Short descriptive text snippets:
· · ·

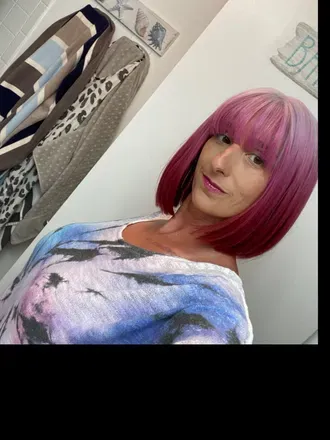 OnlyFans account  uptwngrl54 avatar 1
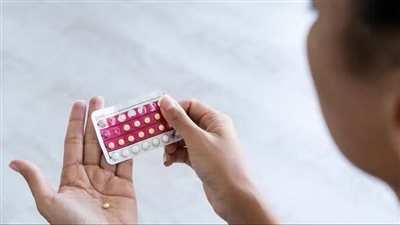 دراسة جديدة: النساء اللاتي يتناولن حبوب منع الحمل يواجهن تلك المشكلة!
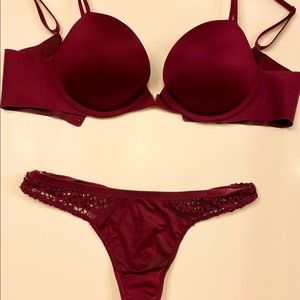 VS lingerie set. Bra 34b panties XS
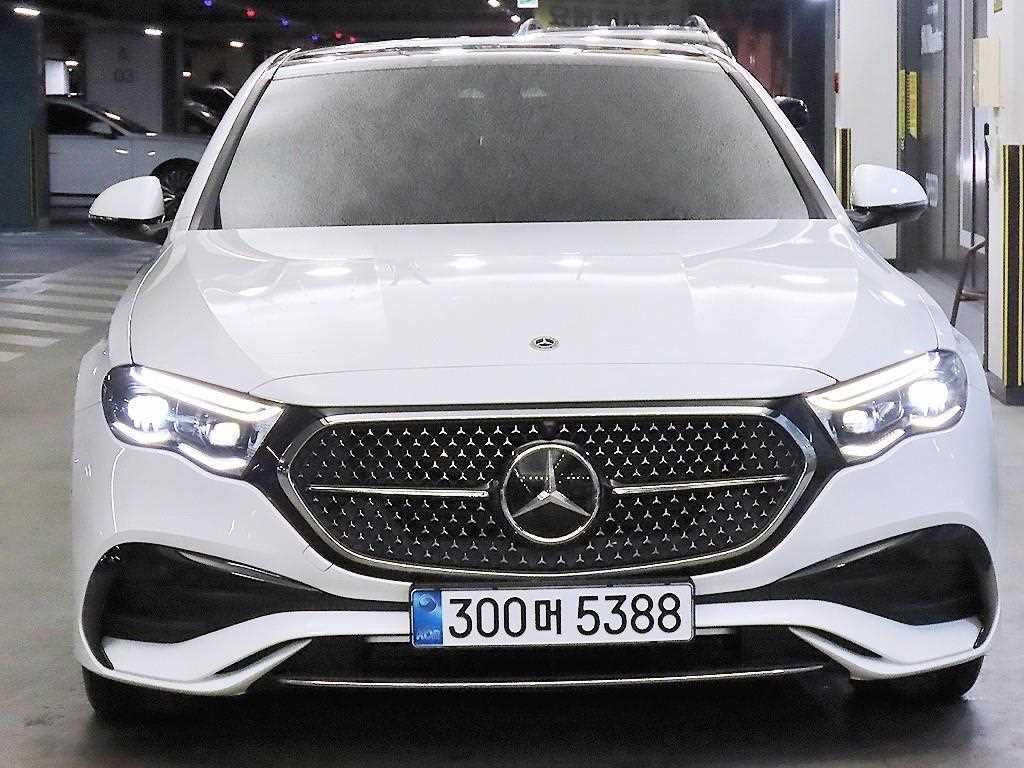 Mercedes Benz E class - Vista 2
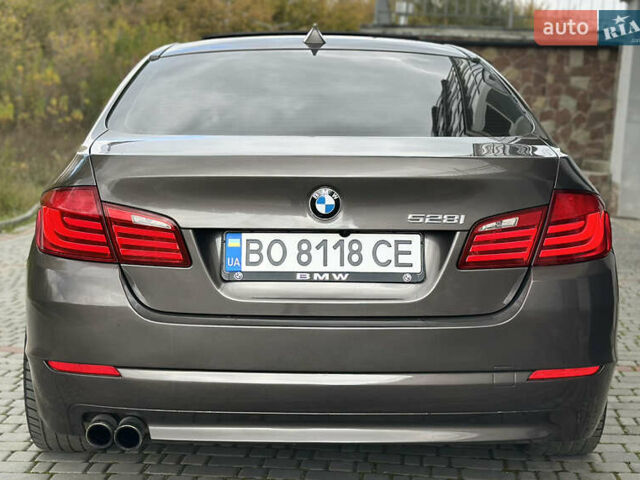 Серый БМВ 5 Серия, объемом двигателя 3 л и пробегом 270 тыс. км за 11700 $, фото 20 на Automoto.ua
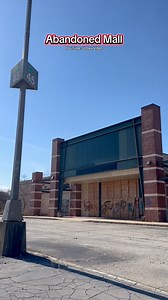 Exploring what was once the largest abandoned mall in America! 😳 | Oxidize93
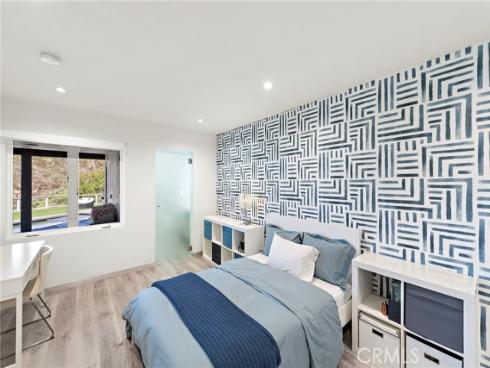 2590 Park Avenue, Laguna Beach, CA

· · ·

■ Instructions for the task: Repeat exactly the lines in the entries from the one containing "Серый БМВ 5" to the final line, inclusive, and nothing beyond them; skip pictures.

■ Response area:
 Серый БМВ 5 Серия, объемом двигателя 3 л и пробегом 270 тыс. км за 11700 $, фото 20 на Automoto.ua
 Exploring what was once the largest abandoned mall in America! 😳 | Oxidize93
 2590 Park Avenue, Laguna Beach, CA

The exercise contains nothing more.